4. The Constitution of India in Articles 32 and 226 grants
remedy by way of certiorari. Article 32 grants right to move the Supreme
Court for enforcement of fundamental rights by authorising the court to issue
directions or orders or writs including writs in the nature of habeas corpus,
mandamus,
prohibition, quo warranto and certiorari. Similar
powers under Article 226 have been vested in High Courts. Powers of High Courts
are not confined to enforcement of fundamental rights, but extend to other cases
involving breach of right resulting in failure of justice.

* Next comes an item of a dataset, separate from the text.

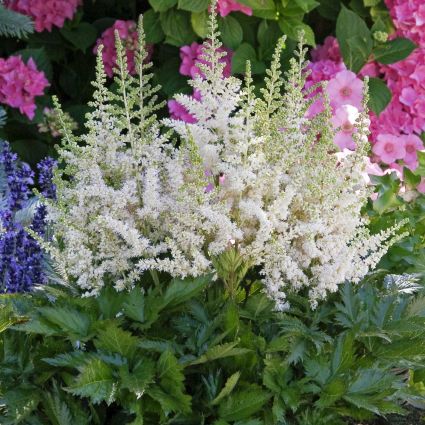 Vision in White Astilbe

5. Writs of certiorari are issued after review of
records of proceedings of the Tribunals or Public Authority having legal
authority to determine questions affecting the rights of subjects and having the
duty to act judicially. Writ quashes the orders which go beyond jurisdiction. It
is corrective in nature issued to the inferior tribunals dealing with civil
rights of persons as a public authority and is issued for absence of
jurisdiction, wrongly usurping the jurisdiction, acting in excess of
jurisdiction or failing to exercise jurisdiction. Certiorari is also
issued for violation of principles of natural justice. Errors apparent on the
face of the record are, for the purpose of interference by certiorari,
treated as errors of jurisdiction.

6. The Court acting in certiorari does not act in
appellate jurisdiction, but only in supervisory capacity. It, therefore, follows
that while a decision to deny certiorari lets the lower court’s ruling
stand, it does not constitute a decision by the Supreme Court/High Court on any
of the legal issues raised. The decision to grant or deny certiorari is
discretionary.

7. Determination of jurisdiction in many cases involves
decision about the existence of ‘jurisdictional fact’ which must exist before a
court, Tribunal or an Authority assumes jurisdiction over a particular matter.
By erroneously assuming existence of such jurisdictional fact, no authority can
confer upon itself jurisdiction which it otherwise does not possess. The Supreme
Court in Arun Kumar and Others v. U.O.I., (2006) 286 ITR 89 (SC) was
seized of the question of the legality of Rule 3 of I.T. Rules dealing with
house perquisite. While holding the Rule as intra vires, the Court held
that ‘concession’ under clause (ii) of Ss.(2) of S. 17 is a ‘jurisdictional
fact’. It is only when there is a concession in the matter of rent respecting
any accommodation provided by an employer to his employee that the mode, method
or manner as to how such concession can be computed can arise. In other words,
concession is a ‘jurisdictional fact’, method of fixation of amount is ‘fact in
issue’ or ‘adjudicatory fact’. It was therefore, held that in spite of the legal
position that Rule 3 is intra vires, valid and not inconsistent with the
provisions of the parent Act u/s.17(2)(ii) of the Act, it is still open to the
assessee to contend that there is no ‘concession’ in the matter of accommodation
provided by the employer to the employee and hence the case did not fall within
the mischief of S. 17(2)(ii) of the Act. The jurisdiction to invoke Rule 3
arises only when the existence of concession in the matter of rent is
established. The decision led to insertion of an explanation to S. 17(2)(ii)
nullifying the effect of the Supreme Court decision.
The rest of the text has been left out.